--- Records for the exercise Enclosed Below ---

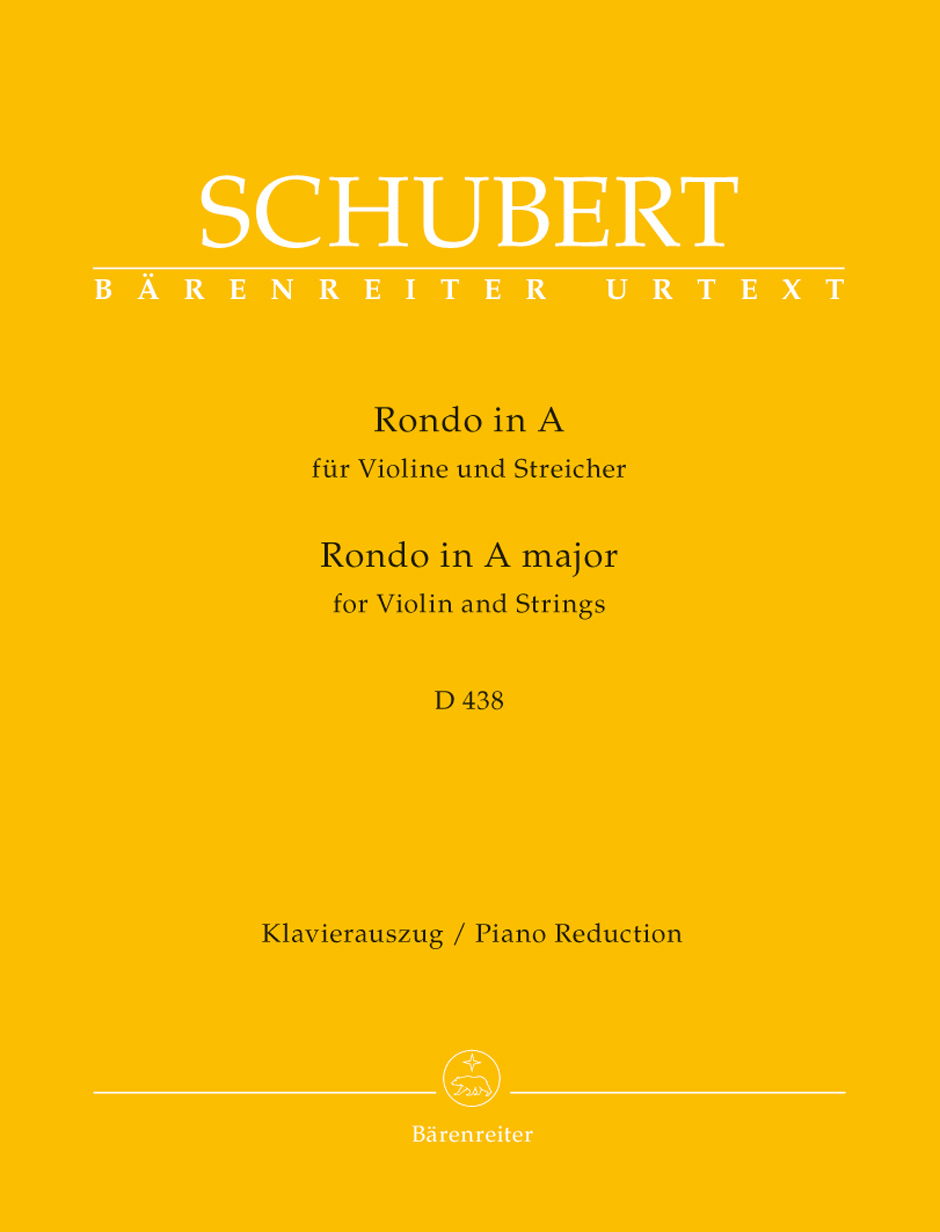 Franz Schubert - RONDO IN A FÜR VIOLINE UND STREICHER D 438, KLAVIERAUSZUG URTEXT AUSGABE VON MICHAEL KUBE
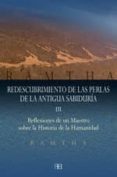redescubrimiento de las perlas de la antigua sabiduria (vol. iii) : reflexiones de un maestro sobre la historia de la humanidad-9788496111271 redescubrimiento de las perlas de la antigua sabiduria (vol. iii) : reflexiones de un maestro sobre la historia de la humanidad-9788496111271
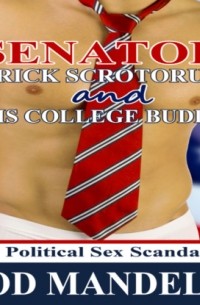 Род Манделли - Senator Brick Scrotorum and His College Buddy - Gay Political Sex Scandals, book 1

--- End of Enclosed Records for the exercise ---
--- Records for the exercise Enclosed Below ---

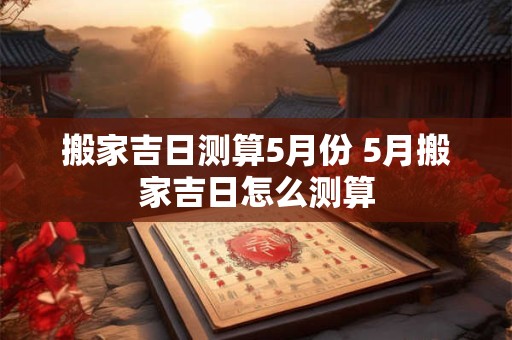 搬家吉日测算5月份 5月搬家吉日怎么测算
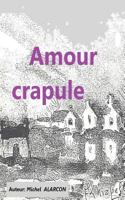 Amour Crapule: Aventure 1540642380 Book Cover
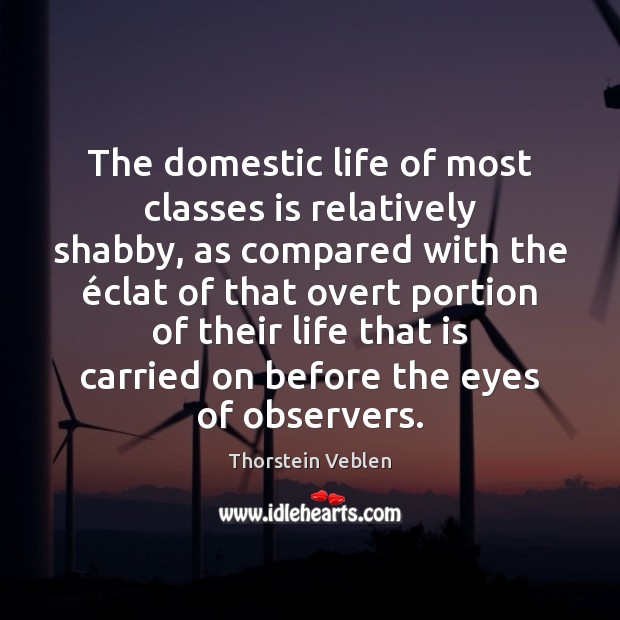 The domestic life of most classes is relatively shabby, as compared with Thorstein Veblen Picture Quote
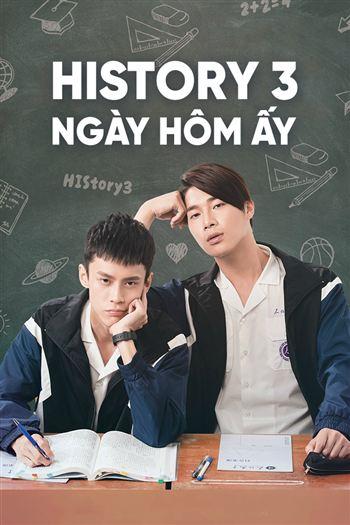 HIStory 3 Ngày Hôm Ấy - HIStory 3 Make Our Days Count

--- End of Enclosed Records for the exercise ---

### What you have to do
Find the line with "Franz Schubert - RONDO" in the data above, and from there retype each line exactly through the line with "Род Манделли - Senator", skipping the pictures along the way.

### Result of this exercise
 Franz Schubert - RONDO IN A FÜR VIOLINE UND STREICHER D 438, KLAVIERAUSZUG URTEXT AUSGABE VON MICHAEL KUBE
redescubrimiento de las perlas de la antigua sabiduria (vol. iii) : reflexiones de un maestro sobre la historia de la humanidad-9788496111271 redescubrimiento de las perlas de la antigua sabiduria (vol. iii) : reflexiones de un maestro sobre la historia de la humanidad-9788496111271
 Род Манделли - Senator Brick Scrotorum and His College Buddy - Gay Political Sex Scandals, book 1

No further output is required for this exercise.